(DATA SECTION Opens)
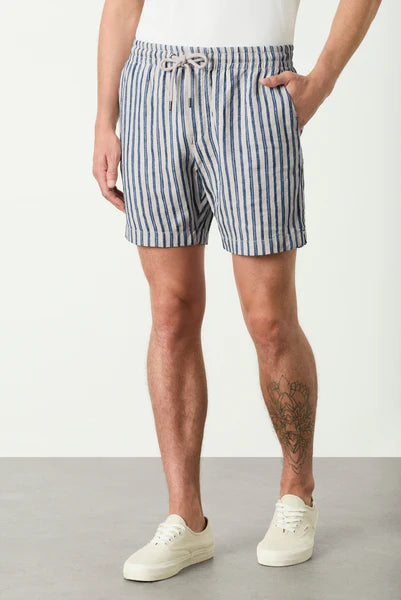 Men's zip - pocket canvas shorts for added functionality during travelM.J. Bale - Bilgola Linen Short - Striped - Pebble Denim Ecru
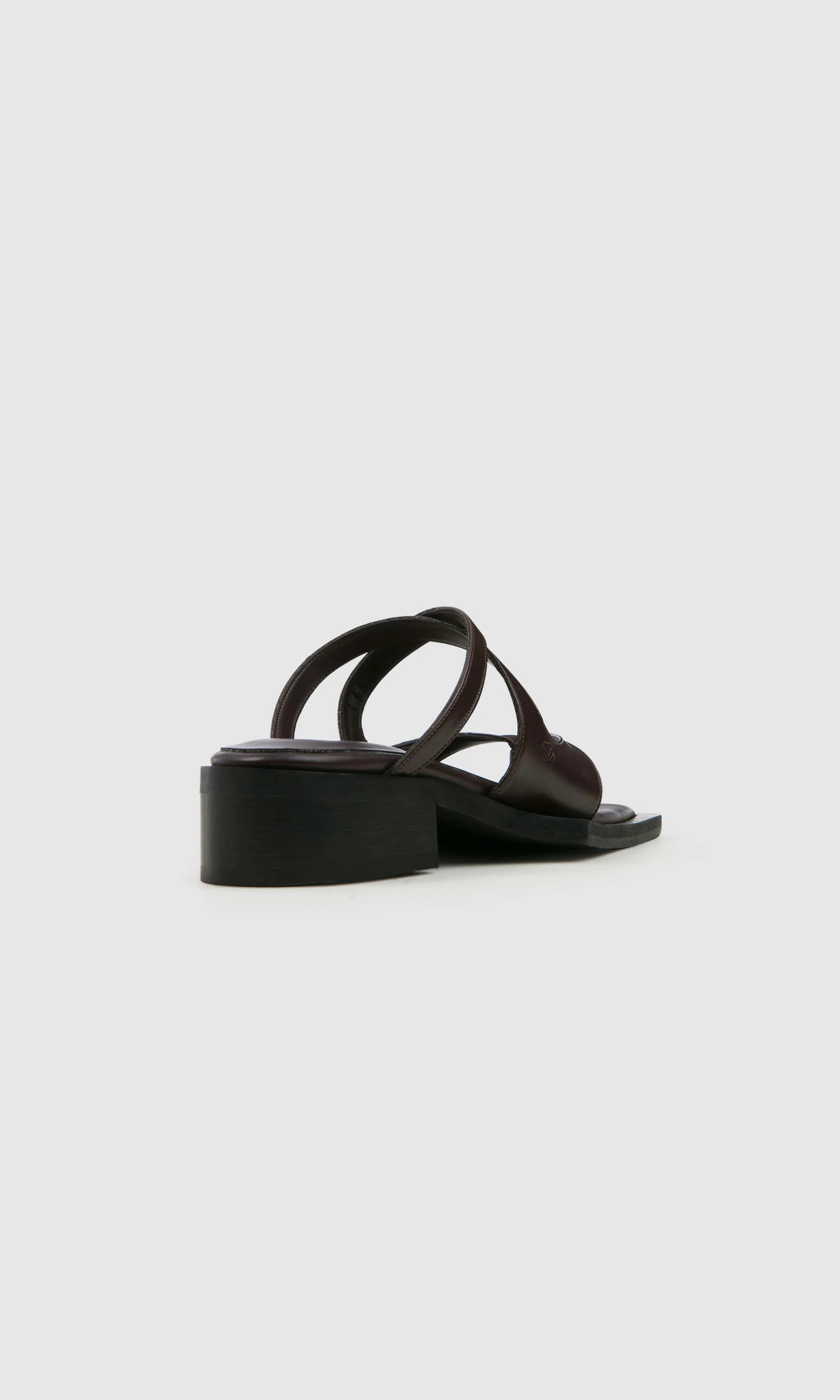 Karel Vegan Apple Leder Pantoffeln | Braun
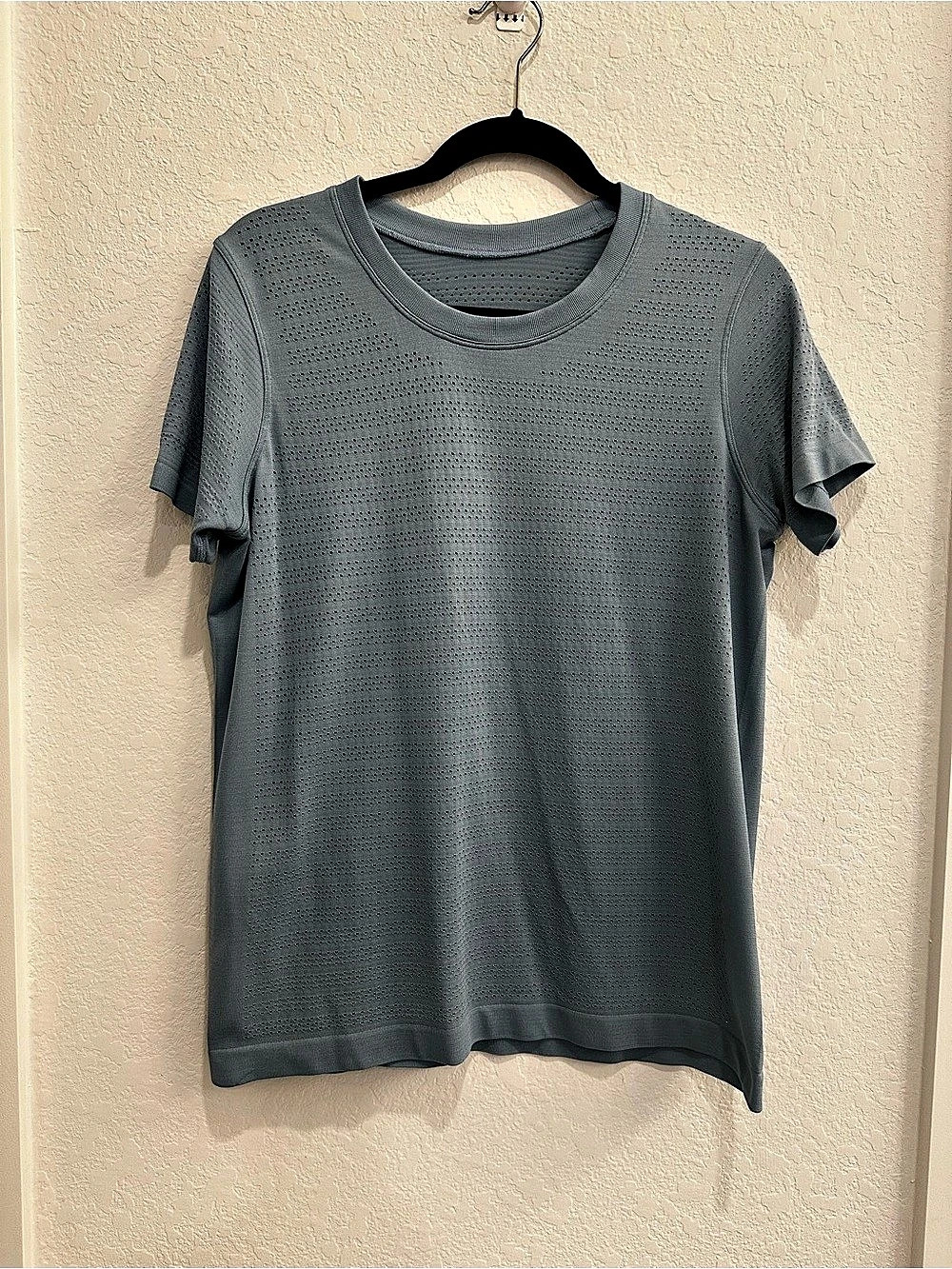 Lululemon Breeze By Short Sleeve Shirt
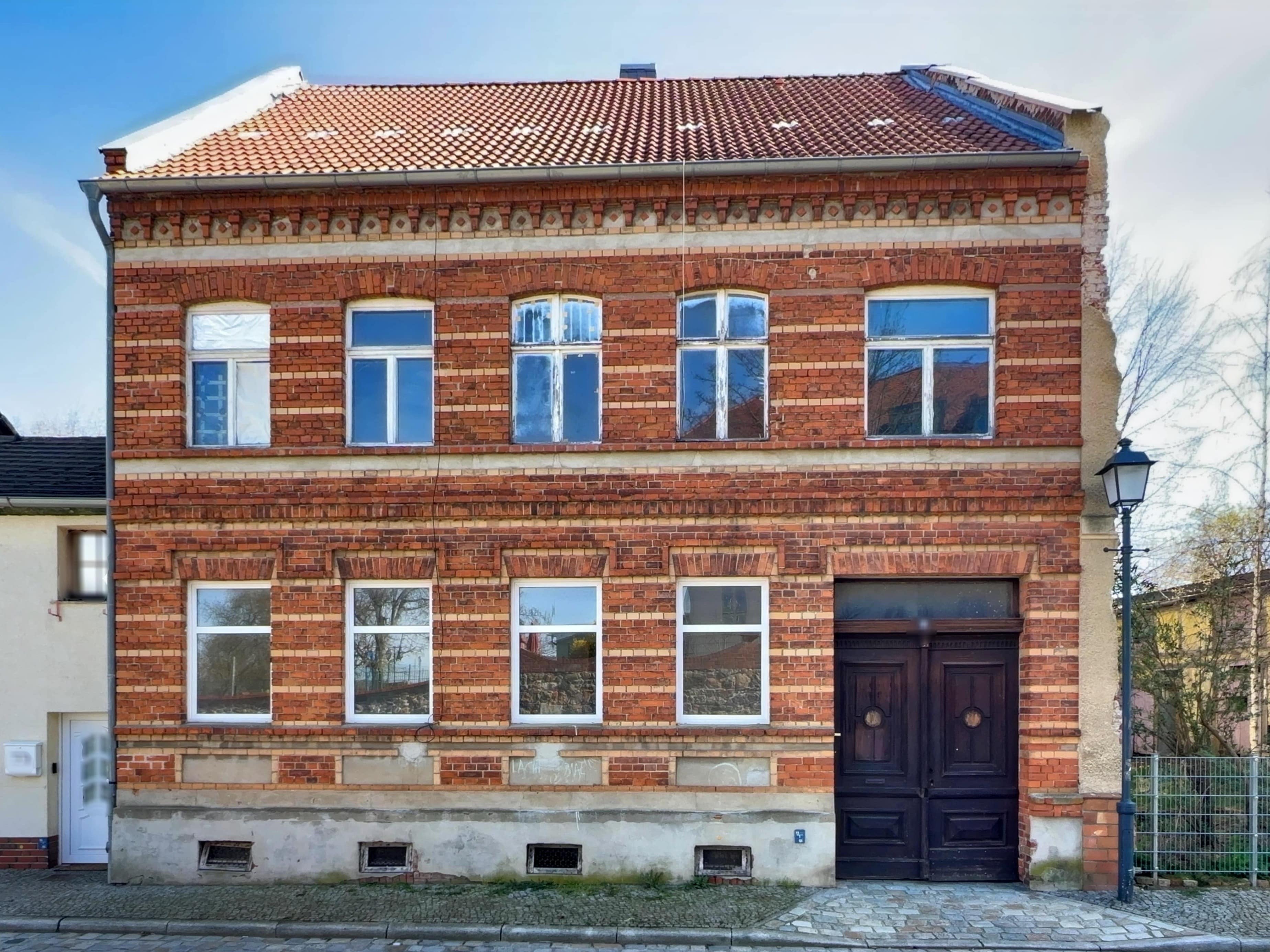 Mehrfamilienhaus zum Kauf als Kapitalanlage geeignet 79.000 € 12 Zimmer 423 m²<br/>Wohnfläche 250 m²<br/>Grundstück Burg Burg 39288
(DATA SECTION Closes)
Only the lines from the one holding "Karel Vegan Apple Leder Pantoffeln | Braun" through the end of the data are to be printed, exactly as they stand and with no pictures.

**SOLUTION FOR THIS PROBLEM**
 Karel Vegan Apple Leder Pantoffeln | Braun
 Lululemon Breeze By Short Sleeve Shirt
 Mehrfamilienhaus zum Kauf als Kapitalanlage geeignet 79.000 € 12 Zimmer 423 m²<br/>Wohnfläche 250 m²<br/>Grundstück Burg Burg 39288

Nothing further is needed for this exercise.